Part 8: Agentic AI and Qdrant: Building semantic memory with MCP protocol

July 21, 2025

As Agentic AI systems evolve from reactive language models into structured thinkers, a new challenge emerges: how do we give these agents memory? Not just basic logs or static files, but real, searchable memory that understands and adapts to context over time.

This is where tools like Qdrant and the Model Context Protocol (MCP) come in—a modular pairing that brings semantic search and long-term knowledge storage into agent workflows. Together, they enable agents to not only recall relevant information but to reason across past experiences, making Agentic AI systems more intelligent, adaptive, and human-like in their decision-making.

Inspired by my Medium post, this article explores how MCP, the Model Context Protocol—a kind of connective tissue between LLMs and external tools or data sources—standardizes interactions between intelligent agents and vector databases like Qdrant. By enabling seamless storage and retrieval of embeddings, agents can now “remember” useful information and leverage it in future reasoning.

Let’s walk through the full architecture and code implementation of this cutting-edge combination.

LLMs + MCP + Database = Thoughtful Agentic AI

In Agentic AI, a language model doesn’t just generate — it thinks, acts, and reflects using external tools. That’s where MCP comes in.

Think of MCP as a “USB interface” for AI — it lets agents plug into tools like Qdrant, APIs, or structured databases using a consistent protocol.

Qdrant itself is a high-performance vector database — capable of powering semantic search, knowledge retrieval, and acting as long-term memory for AI agents. However, direct integration with agents can be messy and non-standardized.

This is solved by wrapping Qdrant inside an MCP server, giving agents a semantic API they can call like a function.

Architecture overview

[LLM Agent]
    |
    |-- [MCP Client]
[MCP Protocol]
    |
    |-- [Qdrant MCP Server]
    |   |-- Tool: qdrant-store
    |   |-- Tool: qdrant-find
    |
[Qdrant Vector DB]

Use case: Support ticket memory for AI assistants

Imagine an AI assistant answering support queries.

  • It doesn't have all answers built-in.
  • But it has semantic memory from prior support logs stored in Qdrant.
  • It uses qdrant-find to semantically retrieve similar issues .
  • It then formulates a contextual response.

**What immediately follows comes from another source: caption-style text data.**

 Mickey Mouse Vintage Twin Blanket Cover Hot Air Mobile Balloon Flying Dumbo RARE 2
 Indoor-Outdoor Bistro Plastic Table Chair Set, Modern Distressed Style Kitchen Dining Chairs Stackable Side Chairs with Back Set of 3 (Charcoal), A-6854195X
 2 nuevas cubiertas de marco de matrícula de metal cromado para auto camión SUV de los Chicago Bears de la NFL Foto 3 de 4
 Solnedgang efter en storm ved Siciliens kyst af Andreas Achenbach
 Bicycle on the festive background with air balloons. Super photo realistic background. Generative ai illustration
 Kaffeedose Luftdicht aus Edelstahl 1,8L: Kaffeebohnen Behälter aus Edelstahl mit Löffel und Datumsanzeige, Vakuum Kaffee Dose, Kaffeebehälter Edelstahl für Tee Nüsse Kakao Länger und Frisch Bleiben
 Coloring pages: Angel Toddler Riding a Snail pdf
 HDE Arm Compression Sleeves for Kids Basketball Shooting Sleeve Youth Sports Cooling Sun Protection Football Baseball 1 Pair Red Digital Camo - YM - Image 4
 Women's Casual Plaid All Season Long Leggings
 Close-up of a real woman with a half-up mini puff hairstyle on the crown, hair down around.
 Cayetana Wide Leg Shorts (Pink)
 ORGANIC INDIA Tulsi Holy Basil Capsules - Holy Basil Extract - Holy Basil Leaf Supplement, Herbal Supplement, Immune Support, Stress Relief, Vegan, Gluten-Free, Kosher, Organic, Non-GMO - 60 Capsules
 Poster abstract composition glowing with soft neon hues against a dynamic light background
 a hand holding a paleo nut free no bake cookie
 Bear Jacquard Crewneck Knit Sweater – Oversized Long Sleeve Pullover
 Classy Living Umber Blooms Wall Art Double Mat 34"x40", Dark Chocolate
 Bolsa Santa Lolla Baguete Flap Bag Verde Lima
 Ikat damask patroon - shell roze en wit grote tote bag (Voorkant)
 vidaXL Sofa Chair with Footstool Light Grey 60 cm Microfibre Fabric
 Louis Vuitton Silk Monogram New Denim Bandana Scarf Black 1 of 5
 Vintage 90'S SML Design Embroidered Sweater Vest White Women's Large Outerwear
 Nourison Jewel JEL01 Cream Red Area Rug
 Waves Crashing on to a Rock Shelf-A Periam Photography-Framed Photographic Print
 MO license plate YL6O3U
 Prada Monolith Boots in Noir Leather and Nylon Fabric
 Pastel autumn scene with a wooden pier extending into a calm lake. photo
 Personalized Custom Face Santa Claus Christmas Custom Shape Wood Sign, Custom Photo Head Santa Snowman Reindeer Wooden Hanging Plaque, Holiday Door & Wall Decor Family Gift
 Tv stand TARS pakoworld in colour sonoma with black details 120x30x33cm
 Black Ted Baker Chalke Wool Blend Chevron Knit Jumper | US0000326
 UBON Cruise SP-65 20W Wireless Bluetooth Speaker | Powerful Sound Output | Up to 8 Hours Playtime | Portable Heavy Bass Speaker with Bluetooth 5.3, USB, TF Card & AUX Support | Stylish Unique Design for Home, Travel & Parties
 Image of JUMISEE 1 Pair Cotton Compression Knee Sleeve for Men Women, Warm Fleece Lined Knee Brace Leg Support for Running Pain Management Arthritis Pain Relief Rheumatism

Step-by-step implementation

Step 1: Launch Qdrant MCP Server

export COLLECTION_NAME="support-tickets"
export QDRANT_LOCAL_PATH="./qdrant_local_db"
export EMBEDDING_MODEL="sentence-transformers/all-MiniLM-L6-v2"
uvx mcp-server-qdrant --transport sse

Key parameters:

  • COLLECTION_NAME: Name of the Qdrant collection
  • QDRANT_LOCAL_PATH: Local vector DB storage path
  • EMBEDDING_MODEL: Embedding model for vectorization

Step 2: Connect the MCP Client

from mcp import ClientSession, StdioServerParameters
from mcp.client.stdio import stdio_client
async def main():
server_params = StdioServerParameters(
     command="uvx",
     args=\["mcp-server-qdrant"],
     env={
         "QDRANT_LOCAL_PATH": "./qdrant_local_db",
         "COLLECTION_NAME": "support-tickets",
         "EMBEDDING_MODEL": "sentence-transformers/all-MiniLM-L6-v2"
     }
)
async with stdio_client(server_params) as (read, write):
     async with ClientSession(read, write) as session:
         await session.initialize()
         tools = await session.list_tools()
         print(tools)
Expected Output: Lists tools like qdrant-store, qdrant-find

Step 3: Ingest a new memory

ticket_info = "Order #1234 was delayed due to heavy rainfall in transit zone."
result = await session.call_tool("qdrant-store", arguments={
"information": ticket_info,
"metadata": {"order_id": 1234}
})

This stores an embedded version of the text in Qdrant.

query = "Why was order 1234 delayed?"
search_response = await session.call_tool("qdrant-find", arguments={
"query": "order 1234 delay"
})

Example output:

[
  {
"content": "Order #1234 was delayed due to heavy rainfall in transit zone.",
"metadata": {"order_id": 1234}
  }
]

Step 5: Use with LLM

import openai
context = "\n".join(\[r["content"] for r in search_response])
prompt = f"""
You are a helpful assistant. Use this context to answer:
"""
{context}
"""
Question: Why was order #1234 delayed?
"""
response = openai.ChatCompletion.create(
model="gpt-3.5-turbo",
messages=[{"role": "user", "content": prompt}]
)
print(response["choices"][0]["message"]["content"])

Final answer:

"Order #1234 was delayed due to heavy rainfall in the transit zone."

Parameter reference

Tool
Parameter
Description
qdrant-storeinformationRaw string to embed
metadataOptional metadata for filtering
qdrant-findqueryNatural language query
env varEMBEDDING_MODELModel used to create embeddings
env varCOLLECTION_NAMEQdrant vector collection name

Pro tip: Chain MCP servers

You can deploy multiple MCP servers for different tools and plug them into agent workflows:

  • qdrant-find for memory
  • google-search for web data
  • postgres-query for structured facts

Then, orchestrate it all using Agentic AI Teams to perform high-level, multi-tool reasoning.

Final thoughts

By pairing Qdrant with MCP, Agentic AI gains powerful, semantic memory — a critical enabler of contextual understanding and long-term knowledge retention. This pattern abstracts the complexity of vector DBs behind a unified protocol, empowering agents to think, recall, and act without manual data plumbing.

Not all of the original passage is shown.